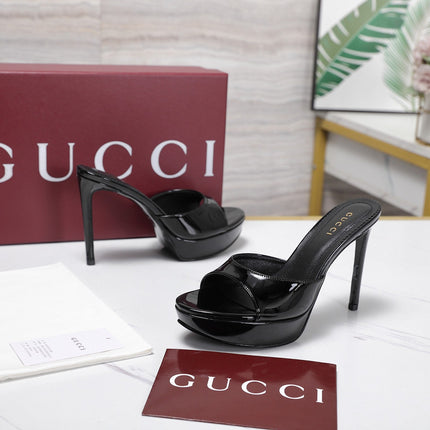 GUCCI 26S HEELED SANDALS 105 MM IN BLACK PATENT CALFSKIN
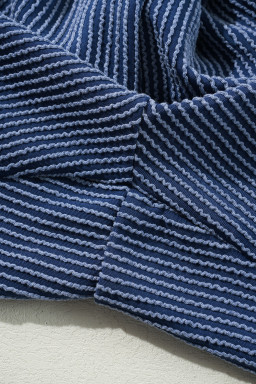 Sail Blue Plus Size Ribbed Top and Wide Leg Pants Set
==========
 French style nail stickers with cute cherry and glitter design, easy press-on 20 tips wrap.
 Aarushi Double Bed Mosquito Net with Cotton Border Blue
==========
--- WORK INSTRUCTION ---
Lines from the entries that contain the word "with" are what the answer must hold.

--- SOLUTION TO THE PROBLEM ---
 French style nail stickers with cute cherry and glitter design, easy press-on 20 tips wrap.
 Aarushi Double Bed Mosquito Net with Cotton Border Blue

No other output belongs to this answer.